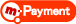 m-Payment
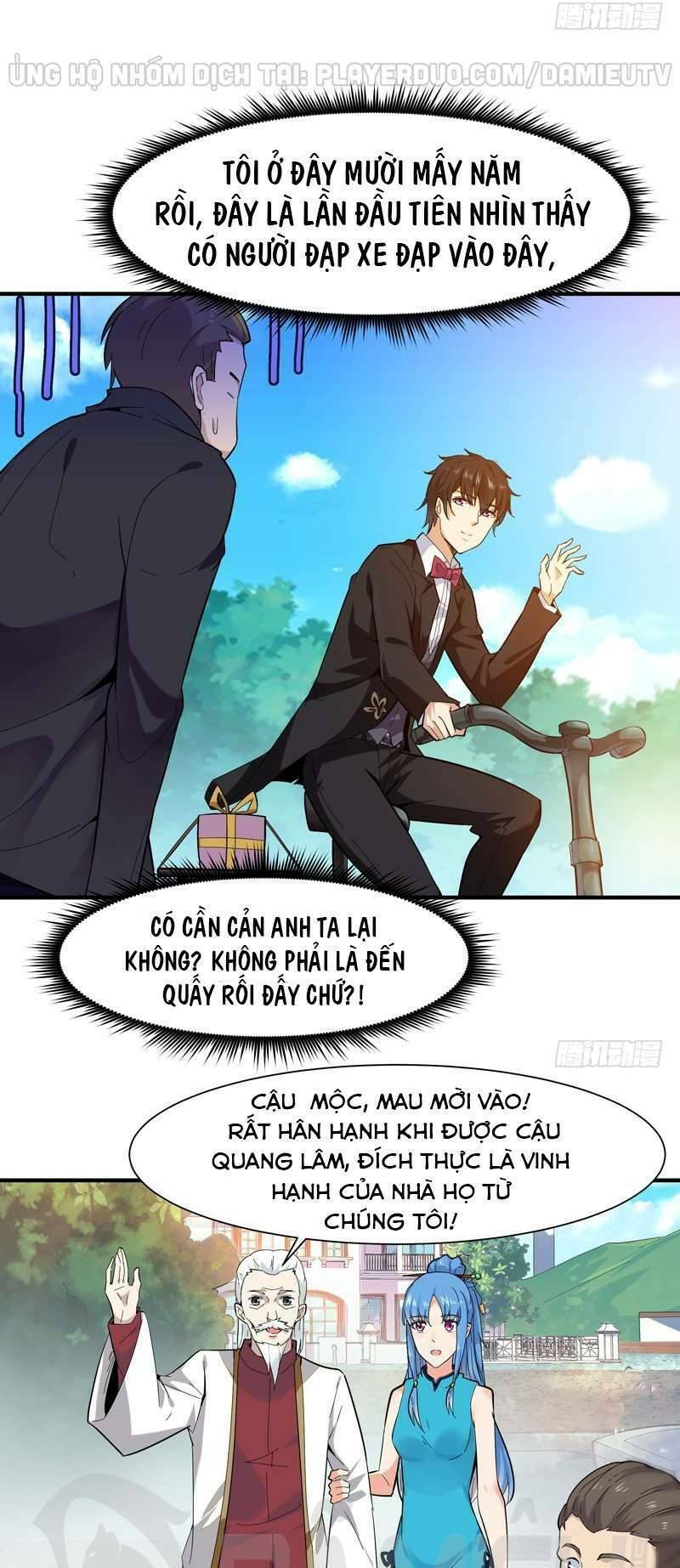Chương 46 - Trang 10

...

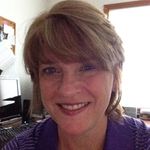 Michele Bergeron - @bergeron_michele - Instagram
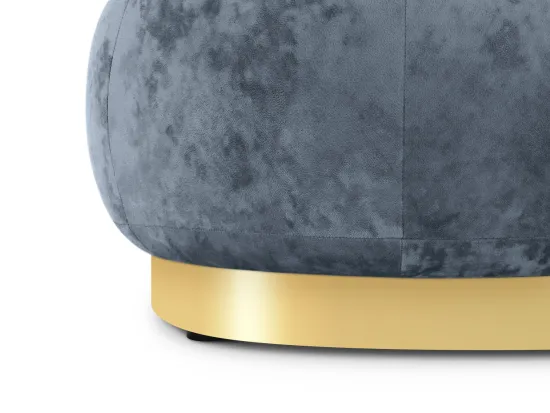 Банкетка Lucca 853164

What to work on:
Within these entries, output exactly the lines starting at the one with "Michele Bergeron - @bergeron_michele" and finishing at the one with "Банкетка Lucca 853164". Leave pictures out of the output.

Answer area:
 Michele Bergeron - @bergeron_michele - Instagram
 Банкетка Lucca 853164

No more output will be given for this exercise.